I'm using scikit-learn in Python to develop a classification algorithm to predict the gender of certain customers. Amongst others, I want to use the Naive Bayes classifier but my problem is that I have a mix of categorical data (ex: "Registered online", "Accepts email notifications" etc) and continuous data (ex: "Age", "Length of membership" etc). I haven't used scikit much before but I suppose that Gaussian Naive Bayes is suitable for continuous data and that Bernoulli Naive Bayes can be used for categorical data. However, since I want to have both categorical and continuous data in my model, I don't really know how to handle this. Any ideas would be much appreciated!

by (33.1k points)

You can’t train a model by giving mix (categorial and continuous) values by input. You can transform all your data into a categorical representation by computing percentiles for each continuous variable and then binning the continuous variables using the percentiles as bin boundaries.

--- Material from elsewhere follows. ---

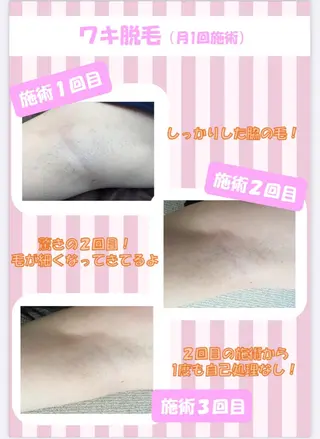 脱毛＆エステサロン・ド・ユマン所属・脱毛&エステ サロン・ド・ユマンのエステ・リラクイメージ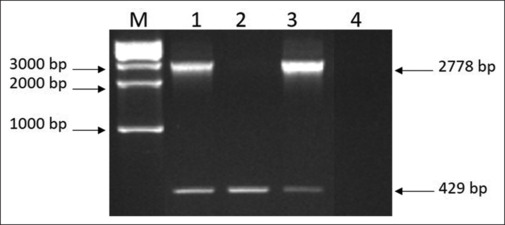 Molecular Background of RhD-positive and RhD-negative Phenotypes in a Saudi Population.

For example, binning for the height of a person, create the following bins: "very small", "small", "regular", "big", "very big" ensuring that each bin contains approximately 20% of the population of your training set.

We can’t perform this task automatically using any library, because it's the part of data preprocessing. Data preprocessing should be done manually for better results. We have a Pandas library for this manipulative task.

You can use an independently fit a gaussian NB model on the continuous part of the data and a multinomial NB model on the categorical part. Then transform all the dataset by taking the class assignment probabilities (with predict_proba method) as new features:

np.hstack((multinomial_probas, gaussian_probas))

and then easily refit a new model (e.g. a new gaussian NB) on the new features.